Photo: Edra Group
Tesla has set trends not only with its pure electric cars with comprehensive digital functions that many other manufacturers today emulate, but also with its production technology. Tesla was perhaps the first in the world to use advanced casting machines that turned out ever larger items in a single piece. After Chinese competitors initially followed suit, the technology is now also finding its way to Western manufacturers.
Giga pistons for European electric cars
Tesla already uses Idra’s so-called Giga presses in its factories in China, the United States and Germany. There they save many production steps and thus other machines by producing large elements of the supporting frame in one go. Tesla may take its aluminum die-casting process even further in its next electric car: according to a mid-September report, its entire frame could come from stronger giga pistons.
Model Y machines have a clamping force of 6,000 tons, but Idra and other manufacturers now offer stronger machines. According to CEO Elon Musk, a 9,000-ton one (see photo above) went to Texas for Tesla’s Cybertruck, and Chinese electric vehicle brand Aito reported casting the same power for a new SUV in April this year. As Edra has now announced at a conference in his native Italy, a distinguished European manufacturer is about to purchase two 9,000-ton giga printing presses.

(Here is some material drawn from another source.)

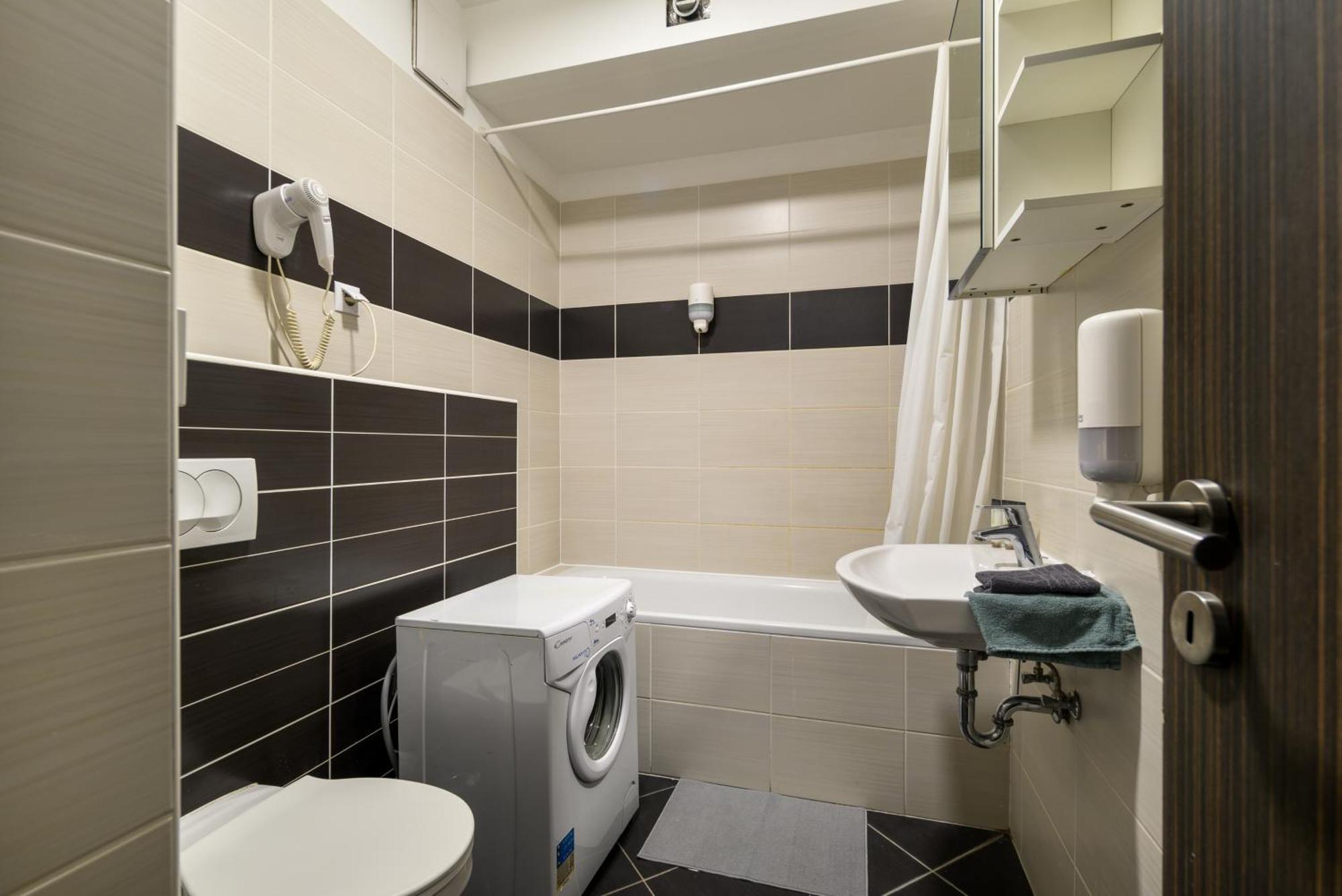 Sun Residential Suite-free Parking Garage Same Building Budapest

The Italian company did not mention the name of this new customer, Reuters reported at the event I reported this week. It is said to be the first European one. In fact, only Mercedes is a suitable option for this, because the Volkswagen Group has reportedly decided not to press the Giga for the time being and BMW has never shown interest in it, as was said last February. The star brand announced a particularly efficient electric car from 2025 at this year’s IAA. Giga casting like Tesla would fit the bill.
Tesla supplier Idra with new customers
Alternatively, Volkswagen or BMW could have made a new decision. Edra himself assumes that Giga pistons will be used in the vast majority of new electric cars by 2035, so it will only be a matter of time. According to information from the conference, the American company Ford had already ordered – there was a 6000 series giga press with its logo on site. According to Reuters, Idra also did not want to mention the name of another customer who ordered a machine with a clamping force of 9,000 tons, but it is said to be Hyundai.
Idra has repeatedly declared that Tesla is an important customer, but apparently is not allowed to say this officially due to confidentiality agreements – as is the case now with two new customers. According to Reuters, it was heard at the conference that Tesla has so far received 14 giga presses from the Italian manufacturer, including two with a capacity of 9,000 tons for the Cybertruck. Idra estimated the total number of orders for these machines at 25, of which 21 have already been delivered.